Tracks with the C key have the highest number of comparisons followed by the A key.

# <font color='k'>Conclusions</font>

Based on the data of the Top 50 ASEAN Song Charts that we have analyzed previously, the following information is obtained:

* There are 349 songs from 245 different artists on the song charts of 10 ASEAN countries.

* Mark Tuan became the singer with the most number of tracks as many as 24 tracks. "Pink Venom" from Black Pink became the song with the widest chart spread, namely in 9 out of 10 ASEAN countries.

* The tracks listed on the charts are from 1969 to 2022, with the music tracks published in 2022 having the highest number of tracks at 219.

* The tracks on the ASEAN song charts are divided into 19 genres, with Pop followed by K-pop having the highest number of genres.

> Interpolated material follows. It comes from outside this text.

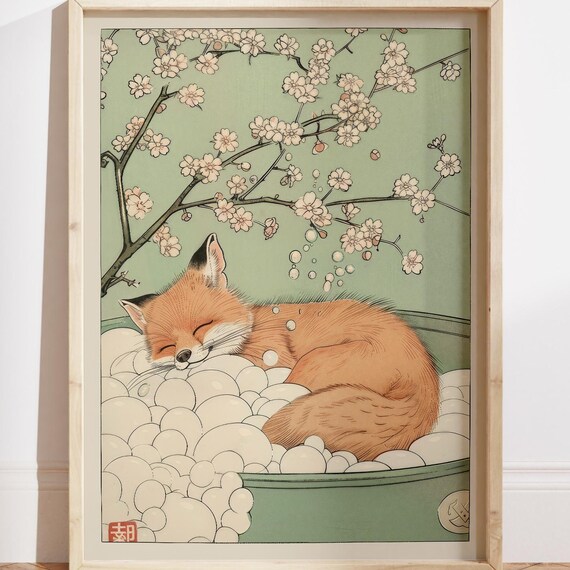 Fox In Bathtub Print Bathroom Wall Art Japandi Relaxing Poster Decor Housewarming Gift Dopamine Restroom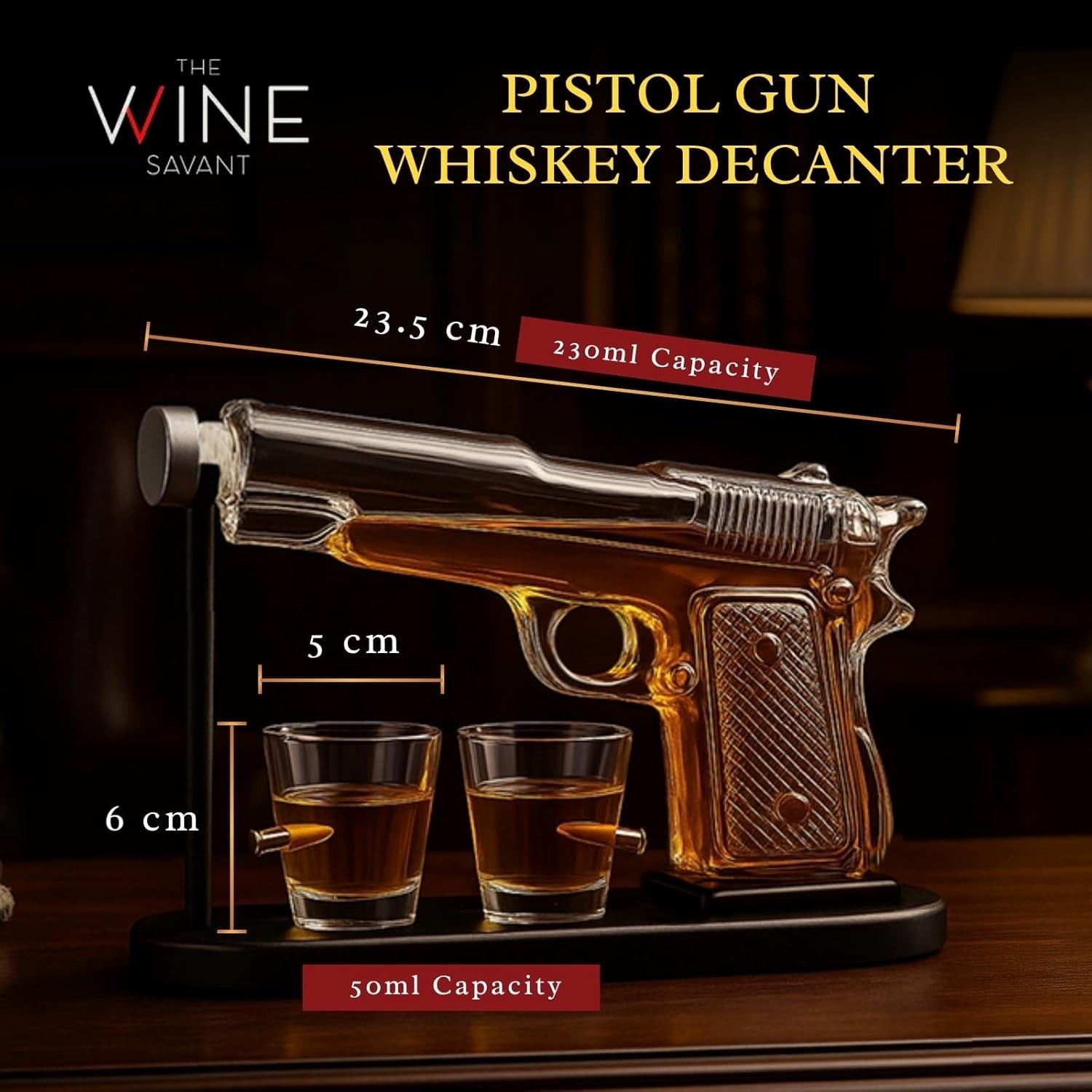 Pistol Whiskey Decanter Set with Bullet Shot Glasses Gun Liquor Dispenser Gift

* Based on correlation map analysis, the valence ratio of music tracks has the largest positive correlation to the ratio of danceability and energy. The most significant positive correlation is found in the relationship between energy ratio and loudness of the track, while the most significant negative correlation occurs in the relationship between energy ratio and acousticness ratio of the music track.

* The genre of a music track has a different effect on each attribute that affects a track.